Тихий полдень 3 апреля 1768 года в одном из парижских предместий был нарушен истошными воплями — по улице бежала полуодетая, избитая и перепуганная женщина, вовсю проклиная распутников-аристократов. Виновника ее потрясения обнаружить было нетрудно — уже известный и в светских гостиных, и в полицейских участках развратный маркиз де Сад, который и в это священное для христиан утро праздника Пасхи остановил на площади Виктуар Розу Келлер, даму неопределенных занятий, отвез ее в фиакре на свою виллу и там, удовлетворяя жестокие и странные желания, избил женщину плеткой-семихвосткой с узелками на конце, а затем запер ее, так что лишь чудом удалось несчастной выпрыгнуть из окна... Не первая и, увы, не последняя подобная история, приключившаяся с этим зловещим маркизом, чье имя дало название одному из стойких извращений человеческой психики — садизму, ощущению удовольствия от страданий, которые причиняешь другому, — и чьи судьба и творчество (ибо маркиз де Сад был не только «практиком», но и теоретиком, писателем и философом, обосновавшим свою модель поведения) по сей день заставляют размышлять о многом.
Он родился в Париже в семье графа де Сада, бывшего, между прочим, некоторое время послом в России, и фрейлины принцессы де Конде. Есть сведения о том, что в детстве и ранней юности он немало испытал от высокомерия своего сверстника — наследного принца, что им владела глубокая, непримиримая ненависть к матери. В 14 лет мы видим его уже воспитанником кавалерийского училища, в 15 лет — младшим лейтенантом Королевского пехотного полка, а в 1756—1763 годах — активным участником Семилетней войны, получившим в 1759 году звание капитана кавалерии. Выйдя в 1763 году в отставку, Сад, с благословения самого Людовика XV и всей королевской фамилии, женится на мадемуазель де Монтрей — старшей дочери президента налоговой палаты. Однако менее чем через полгода после свадьбы знатного молодожена на 15 суток заключают в башню замка Венсен за скандальное поведение в доме свиданий.
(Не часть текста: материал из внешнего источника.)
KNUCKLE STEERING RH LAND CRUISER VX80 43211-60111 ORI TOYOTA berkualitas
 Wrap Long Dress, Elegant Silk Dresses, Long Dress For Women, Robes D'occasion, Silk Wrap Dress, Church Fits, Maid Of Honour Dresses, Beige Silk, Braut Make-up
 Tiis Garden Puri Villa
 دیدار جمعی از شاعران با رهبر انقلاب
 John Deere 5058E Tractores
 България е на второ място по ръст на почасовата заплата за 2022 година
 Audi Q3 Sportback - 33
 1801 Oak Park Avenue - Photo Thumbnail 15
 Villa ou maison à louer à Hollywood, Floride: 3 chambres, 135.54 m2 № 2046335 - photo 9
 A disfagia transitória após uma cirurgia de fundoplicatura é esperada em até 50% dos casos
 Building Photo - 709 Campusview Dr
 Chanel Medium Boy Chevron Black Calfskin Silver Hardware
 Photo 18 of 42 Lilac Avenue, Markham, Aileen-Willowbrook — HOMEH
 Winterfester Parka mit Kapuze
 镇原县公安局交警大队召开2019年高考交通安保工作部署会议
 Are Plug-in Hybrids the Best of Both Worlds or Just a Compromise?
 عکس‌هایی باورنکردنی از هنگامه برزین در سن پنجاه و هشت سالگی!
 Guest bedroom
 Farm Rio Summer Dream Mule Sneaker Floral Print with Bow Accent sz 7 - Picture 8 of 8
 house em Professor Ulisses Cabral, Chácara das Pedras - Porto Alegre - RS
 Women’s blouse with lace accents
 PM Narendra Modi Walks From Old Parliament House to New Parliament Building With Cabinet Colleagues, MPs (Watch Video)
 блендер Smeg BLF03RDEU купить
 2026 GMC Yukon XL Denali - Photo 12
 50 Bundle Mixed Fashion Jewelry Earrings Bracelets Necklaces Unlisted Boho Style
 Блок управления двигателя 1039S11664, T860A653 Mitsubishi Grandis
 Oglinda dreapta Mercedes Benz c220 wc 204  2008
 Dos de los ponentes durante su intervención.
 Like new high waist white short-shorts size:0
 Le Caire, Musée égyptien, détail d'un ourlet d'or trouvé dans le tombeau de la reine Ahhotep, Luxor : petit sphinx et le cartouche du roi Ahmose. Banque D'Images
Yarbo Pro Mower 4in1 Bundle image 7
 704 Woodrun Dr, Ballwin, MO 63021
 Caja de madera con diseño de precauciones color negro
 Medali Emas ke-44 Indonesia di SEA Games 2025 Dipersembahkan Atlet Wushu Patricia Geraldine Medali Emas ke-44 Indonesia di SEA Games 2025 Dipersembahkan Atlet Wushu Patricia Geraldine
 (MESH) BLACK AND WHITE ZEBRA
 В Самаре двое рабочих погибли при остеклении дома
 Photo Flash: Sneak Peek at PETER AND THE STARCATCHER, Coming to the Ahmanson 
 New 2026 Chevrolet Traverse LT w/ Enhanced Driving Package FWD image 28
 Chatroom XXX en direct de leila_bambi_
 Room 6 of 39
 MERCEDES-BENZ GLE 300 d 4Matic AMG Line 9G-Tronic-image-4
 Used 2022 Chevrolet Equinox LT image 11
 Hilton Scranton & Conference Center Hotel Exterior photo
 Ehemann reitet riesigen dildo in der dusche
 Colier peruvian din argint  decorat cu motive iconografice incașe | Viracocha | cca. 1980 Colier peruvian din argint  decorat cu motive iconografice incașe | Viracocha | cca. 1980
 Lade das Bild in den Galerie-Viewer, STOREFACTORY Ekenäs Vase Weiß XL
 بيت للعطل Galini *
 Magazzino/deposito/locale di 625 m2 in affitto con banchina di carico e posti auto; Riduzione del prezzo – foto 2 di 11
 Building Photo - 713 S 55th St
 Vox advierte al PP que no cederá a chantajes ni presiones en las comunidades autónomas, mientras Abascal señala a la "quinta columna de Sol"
Вскоре де Сад занимает в бургундском парламенте место королевского генерального наместника в провинциях Брессе, Бюже и других, принадлежавшее ранее его отцу, а после смерти родителя вступает в сениориальное владение различными землями.
После случая с Розой Келлер маркиза снова лишают свободы, но проходит чуть более месяца, и де Сад получает помилование от короля, отделываясь лишь 100 луидорами штрафа. В 1770 году маркиз возвращается на военную службу, однако вскоре в чине полковника окончательно уходит в отставку, и вот уже 15 января 1772 года рассылает приглашения местным дворянам прибыть в его родовое поместье Лакост на премьеру собственной комедии...
Но столь трогательно-благопристойное времяпрепровождение, — несмотря на самую искреннюю и постоянную привязанность к театральным зрелищам, — никак не могло удовлетворить неудержимую натуру маркиза, в которой трудно было отделить распущенность, свойственную французской аристократии предреволюционных лет (см.очерк «Опасные связи» — роман о нравах французской аристократии»), от прогрессирующей патологии психики.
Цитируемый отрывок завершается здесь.